The "Song of General Kim Il-sung" (Korean: 김일성장군의 노래) is a North Korean marching song composed by Kim Won-gyun in 1946. As a part of an ongoing cult of personality, the song praising Kim Il-sung, North Korea's "Eternal President", who died in 1994, is still widely played in the country. It is often considered to be the de facto national anthem in North Korea. 

The song is a four-square march. It features paired two bar phrases in an A-B-A form, with dotted rhythms. Percussion and brass instrumentation is intended to enhance the revolutionary tone of the song.

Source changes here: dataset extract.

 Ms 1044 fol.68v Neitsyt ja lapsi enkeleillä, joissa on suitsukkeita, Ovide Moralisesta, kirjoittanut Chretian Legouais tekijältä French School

The song, composed in 1946, is the earliest known work of art mentioning Kim Il-sung, and thus can be said to mark the beginning of his personality cult.

In the early 1980s Kim Jong-il began promoting the song and it has since replaced "Aegukka", the national anthem, as the most important song and the de facto anthem played in public gatherings in the country. North Koreans typically know the lyrics by heart, though this seems to have changed under his grandson, Kim Jong-un.

The first two bars of the song are used as an interval signal on North Korean radio and television. According to North Korean sources, their satellites Kwangmyŏngsŏng-1, launched in 1998, and Kwangmyŏngsŏng-2, supposedly launched in a test on 5 April 2009, are broadcasting this song among other data.

Emulating a Buddhist tradition of carving sutras, its lyrics are carved in stones as well as the Pyongyang Arch of Triumph.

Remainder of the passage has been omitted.